▸ **Work required**:
Give back the lines of the records exactly, starting at the first and ending at the one with "Limonin structure".

Saved entries:
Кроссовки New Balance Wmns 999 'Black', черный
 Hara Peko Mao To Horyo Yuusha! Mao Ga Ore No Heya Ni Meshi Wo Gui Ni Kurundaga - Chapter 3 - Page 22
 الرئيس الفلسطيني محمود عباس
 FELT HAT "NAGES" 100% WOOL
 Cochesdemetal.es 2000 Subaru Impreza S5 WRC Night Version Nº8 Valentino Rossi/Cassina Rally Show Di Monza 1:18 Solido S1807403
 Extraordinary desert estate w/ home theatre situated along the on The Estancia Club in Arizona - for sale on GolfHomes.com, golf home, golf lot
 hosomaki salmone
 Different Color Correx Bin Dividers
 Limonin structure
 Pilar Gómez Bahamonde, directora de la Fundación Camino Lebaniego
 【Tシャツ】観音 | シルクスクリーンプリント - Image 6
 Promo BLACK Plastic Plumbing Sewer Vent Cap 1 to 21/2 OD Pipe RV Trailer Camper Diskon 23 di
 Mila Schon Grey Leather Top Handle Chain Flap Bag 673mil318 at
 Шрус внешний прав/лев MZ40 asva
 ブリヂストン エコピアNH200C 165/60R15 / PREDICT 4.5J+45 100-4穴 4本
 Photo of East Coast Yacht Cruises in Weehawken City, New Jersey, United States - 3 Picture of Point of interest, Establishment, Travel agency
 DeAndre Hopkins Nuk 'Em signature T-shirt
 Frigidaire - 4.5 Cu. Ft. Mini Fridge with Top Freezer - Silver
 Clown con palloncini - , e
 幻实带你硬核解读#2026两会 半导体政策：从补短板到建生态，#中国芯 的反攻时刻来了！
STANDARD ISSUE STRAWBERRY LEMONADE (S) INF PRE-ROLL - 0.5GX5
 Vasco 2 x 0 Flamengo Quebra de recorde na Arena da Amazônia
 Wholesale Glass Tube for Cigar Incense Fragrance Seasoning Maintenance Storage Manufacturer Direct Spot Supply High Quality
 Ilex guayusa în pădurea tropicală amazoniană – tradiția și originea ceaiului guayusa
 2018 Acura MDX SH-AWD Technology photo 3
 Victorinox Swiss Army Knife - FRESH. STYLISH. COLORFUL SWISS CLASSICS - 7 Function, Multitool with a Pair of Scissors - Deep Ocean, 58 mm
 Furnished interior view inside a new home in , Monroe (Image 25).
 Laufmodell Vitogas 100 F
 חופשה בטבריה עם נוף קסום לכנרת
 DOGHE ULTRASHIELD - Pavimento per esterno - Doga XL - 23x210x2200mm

▸ **Result of this task**:
Кроссовки New Balance Wmns 999 'Black', черный
 Hara Peko Mao To Horyo Yuusha! Mao Ga Ore No Heya Ni Meshi Wo Gui Ni Kurundaga - Chapter 3 - Page 22
 الرئيس الفلسطيني محمود عباس
 FELT HAT "NAGES" 100% WOOL
 Cochesdemetal.es 2000 Subaru Impreza S5 WRC Night Version Nº8 Valentino Rossi/Cassina Rally Show Di Monza 1:18 Solido S1807403
 Extraordinary desert estate w/ home theatre situated along the on The Estancia Club in Arizona - for sale on GolfHomes.com, golf home, golf lot
 hosomaki salmone
 Different Color Correx Bin Dividers
 Limonin structure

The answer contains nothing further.